(Description of the task): Look at each line below and count those with the word "Casual"; the answer is that number only.

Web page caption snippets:
::::::::
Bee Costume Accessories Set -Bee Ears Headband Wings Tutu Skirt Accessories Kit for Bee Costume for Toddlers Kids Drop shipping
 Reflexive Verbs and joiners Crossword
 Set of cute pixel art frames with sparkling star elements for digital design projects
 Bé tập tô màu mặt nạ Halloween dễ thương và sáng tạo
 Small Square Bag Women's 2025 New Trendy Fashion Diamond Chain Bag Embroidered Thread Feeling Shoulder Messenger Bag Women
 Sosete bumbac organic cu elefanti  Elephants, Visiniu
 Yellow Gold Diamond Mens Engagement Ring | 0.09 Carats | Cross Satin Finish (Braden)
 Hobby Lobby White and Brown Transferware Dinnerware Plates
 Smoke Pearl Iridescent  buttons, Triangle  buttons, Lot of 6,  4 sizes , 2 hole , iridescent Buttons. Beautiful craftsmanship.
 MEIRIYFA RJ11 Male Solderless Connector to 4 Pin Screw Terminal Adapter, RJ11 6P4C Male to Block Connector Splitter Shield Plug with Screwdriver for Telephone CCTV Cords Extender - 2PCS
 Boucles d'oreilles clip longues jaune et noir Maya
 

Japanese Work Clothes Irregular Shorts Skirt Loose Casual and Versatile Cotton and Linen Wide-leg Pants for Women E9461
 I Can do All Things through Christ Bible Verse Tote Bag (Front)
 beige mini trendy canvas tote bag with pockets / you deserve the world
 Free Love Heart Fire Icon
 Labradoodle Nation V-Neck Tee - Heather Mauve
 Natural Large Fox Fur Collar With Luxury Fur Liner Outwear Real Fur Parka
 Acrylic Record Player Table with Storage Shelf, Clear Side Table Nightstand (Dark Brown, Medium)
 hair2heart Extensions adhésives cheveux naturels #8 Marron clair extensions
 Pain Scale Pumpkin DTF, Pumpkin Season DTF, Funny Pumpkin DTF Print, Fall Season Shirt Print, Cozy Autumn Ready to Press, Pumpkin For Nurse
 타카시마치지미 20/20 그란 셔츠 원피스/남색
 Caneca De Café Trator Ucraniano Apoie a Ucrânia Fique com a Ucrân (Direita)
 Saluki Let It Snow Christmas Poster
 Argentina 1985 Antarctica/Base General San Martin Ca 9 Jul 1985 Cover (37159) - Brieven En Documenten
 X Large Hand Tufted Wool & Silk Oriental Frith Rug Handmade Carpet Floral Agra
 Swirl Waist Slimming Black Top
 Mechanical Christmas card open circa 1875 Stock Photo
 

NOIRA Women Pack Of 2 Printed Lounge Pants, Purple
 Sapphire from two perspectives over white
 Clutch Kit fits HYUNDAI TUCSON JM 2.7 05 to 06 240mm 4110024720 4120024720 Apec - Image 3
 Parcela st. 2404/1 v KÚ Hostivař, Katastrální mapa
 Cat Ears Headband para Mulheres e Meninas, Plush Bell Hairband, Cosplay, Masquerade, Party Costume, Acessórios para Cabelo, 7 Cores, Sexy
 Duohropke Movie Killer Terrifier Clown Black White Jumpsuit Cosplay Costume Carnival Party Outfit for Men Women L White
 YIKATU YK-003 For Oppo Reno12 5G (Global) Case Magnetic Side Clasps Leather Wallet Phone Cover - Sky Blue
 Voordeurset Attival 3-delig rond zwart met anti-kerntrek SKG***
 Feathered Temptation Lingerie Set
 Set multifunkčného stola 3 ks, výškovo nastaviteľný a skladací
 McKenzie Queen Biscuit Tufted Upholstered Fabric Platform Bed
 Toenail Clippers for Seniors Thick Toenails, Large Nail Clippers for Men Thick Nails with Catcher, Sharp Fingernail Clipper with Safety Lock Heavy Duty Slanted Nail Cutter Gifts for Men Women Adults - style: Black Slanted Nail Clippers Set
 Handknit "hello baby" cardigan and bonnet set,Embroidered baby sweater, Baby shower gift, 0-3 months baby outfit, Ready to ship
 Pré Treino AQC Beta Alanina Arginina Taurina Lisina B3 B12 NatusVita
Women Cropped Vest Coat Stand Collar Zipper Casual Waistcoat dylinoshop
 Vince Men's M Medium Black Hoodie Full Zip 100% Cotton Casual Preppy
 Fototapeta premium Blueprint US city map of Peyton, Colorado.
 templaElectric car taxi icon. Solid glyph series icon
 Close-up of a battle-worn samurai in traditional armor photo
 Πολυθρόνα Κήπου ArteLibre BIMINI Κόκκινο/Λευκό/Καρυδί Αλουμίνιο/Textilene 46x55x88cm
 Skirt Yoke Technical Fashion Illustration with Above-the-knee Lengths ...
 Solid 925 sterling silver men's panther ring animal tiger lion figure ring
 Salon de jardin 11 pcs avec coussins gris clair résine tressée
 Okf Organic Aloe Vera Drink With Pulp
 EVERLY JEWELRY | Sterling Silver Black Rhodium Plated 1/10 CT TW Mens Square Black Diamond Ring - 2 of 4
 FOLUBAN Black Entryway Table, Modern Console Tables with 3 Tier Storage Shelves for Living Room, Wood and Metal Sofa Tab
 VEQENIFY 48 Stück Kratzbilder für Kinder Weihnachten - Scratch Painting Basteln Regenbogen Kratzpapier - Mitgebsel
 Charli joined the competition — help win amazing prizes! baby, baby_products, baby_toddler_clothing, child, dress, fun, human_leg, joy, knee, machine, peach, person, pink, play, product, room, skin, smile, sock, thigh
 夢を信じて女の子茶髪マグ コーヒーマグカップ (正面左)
::::::::
(Answer to the problem): 3